Mais alors pourquoi sortir du jeu maintenant? Pourquoi se retirer sur l’Aventin au moment où on leur propose rien moins que la possibilité de mettre enfin leurs idées en pratique, d’illustrer par l’action leurs convictions les plus profondes. Le Président et le nouveau premier ministre étaient, semble-t-il, disposés à leur proposer un grand ministère de l’Environnement. Fini les lots de consolation, ils allaient enfin se trouver en responsabilité sur ce qui est leur raison d’être politique: l’écologie et le développement durable. Enfin un défi à leur mesure! C’est à ce moment qu’ils claquent la porte! Ils refusent l’obstacle, parce qu’ils ne supportent pas Manuel Vals.

Bien sûr, les sceptiques professionnels pourront dire qu’ils n’auraient jamais eu les coudées franches, que les socialistes les auraient empêché d’agir, et qu’ils ont anticipé une rupture inévitable. Peut-être. Mais si c’est là leur motif, c’est une faute. S’ils craignaient d’être en liberté trop surveillée, sous la férule de l’ex-premier flic de France, il fallait quand même jouer le jeu, et sortir  la tête haute dans quelques mois, après avoir essayé d’entreprendre, et constaté que le nouveau premier ministre est tout le contraire d’un écolo et qu’il les empêche d’agir. Après cette démonstration, leur mouvement aurait été unanime pour valider leur retrait, qui serait apparu respectable aux yeux de tous, y compris Daniel Cohn-Bendit, leur ex-leader incontournable, qui les accable aujourd’hui.

Au lieu de quoi, ils ont choisi de se défiler au moment où la transition énergétique devient plus que jamais un impératif, et va s’imposer au gouvernement. Ils ont refusé de prendre les rênes d’un éventuel virage plus écologique du pouvoir. Décidé de laisser Ségolène Royal relever l’étendard du développement durable.

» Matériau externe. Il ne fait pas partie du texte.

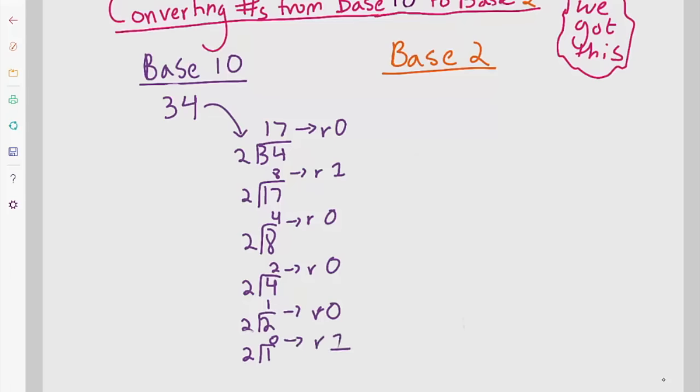Let's do the example 6 plus 7, which in binary is 1, 1, 0 plus 1, 1, 1. Going line by line: 0 plus 1 equals 1. 1 plus 1 is 0, carry the 1. Then 1 plus 1 plus 1 equals 1, carry the 1. That gives us 1, 1, 0, 1 which equals 13 — we have 1 in the zeroth slot, 4 in the second slot, and 8 in the third slot. So 1 plus 4 plus 8 equals 13. And 6 plus 7 also equals 13, so we are good to go.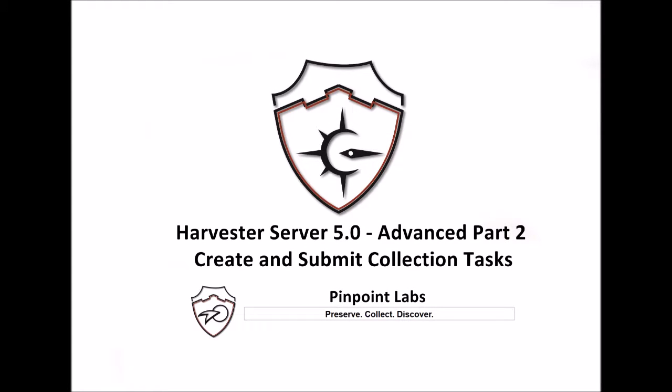In the previous videos in this series, Project Queue and Dispatch Submission Options, we covered creating projects and profiles, entering machine credentials, creating a computer's list, and access methods for collection tasks.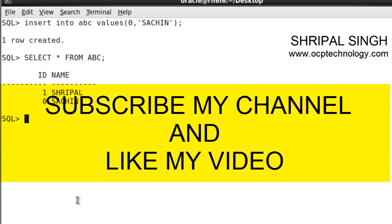Friends, this is the check constraint. If you want to protect your table from unnecessary data so nobody can insert unwanted values, you can apply the check constraint. Hope you found this video informative. Thanks for watching and keep supporting. Subscribe my channel, like my video, and share. Thank you.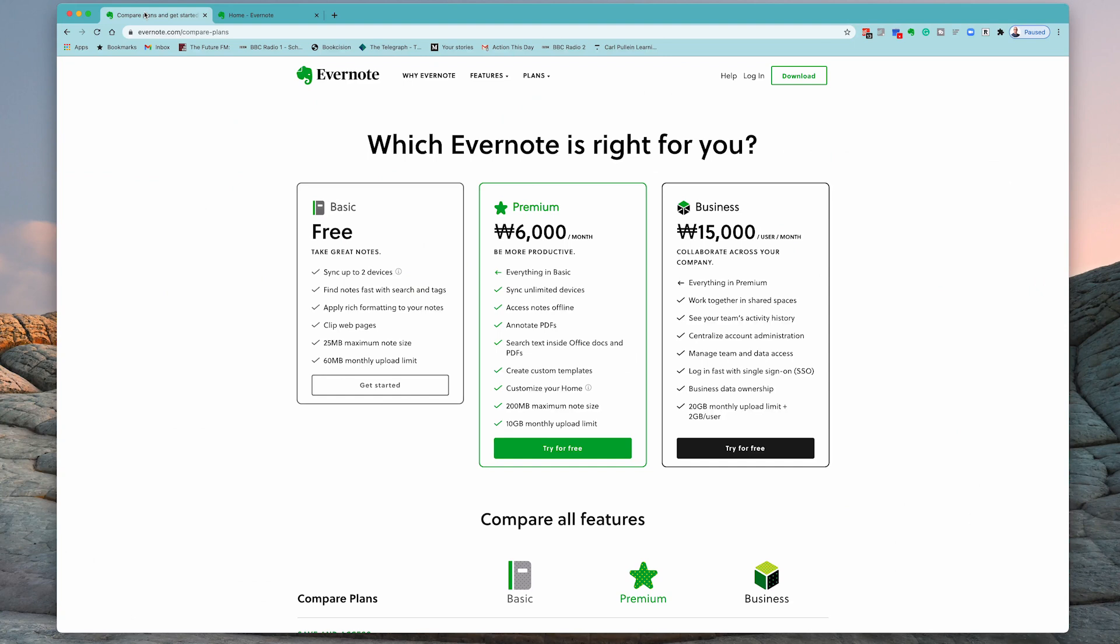Okay, let me take you into my brand new demo account so I can show you how to get started with notebooks. Before we get started, let's just take a look at the three types of Evernote that you can use. Essentially, these are the three plans.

Pour faire quoi? Vont-ils quitter la majorité, lâcher ce pouvoir dont ils se sont exclus, et dont Cécile Duflot ne peut pas supporter le nouveau premier-ministre? Vont-ils lui refuser la confiance à l’Assemblée, comme ils jouent à en faire planer la menace? Pour obtenir une dissolution? Renvoyer leurs députés, qui doivent leur siège à leur alliance avec les socialistes, se représenter seuls devant les électeurs en plein ras de marée de droite? Cela équivaudrait à un suicide collectif.

On peut donc supposer qu’ils vont continuer à avaler les couleuvres, en protestant, mais en ayant laissé passer leur chance d’influer sur la politique de leurs alliés.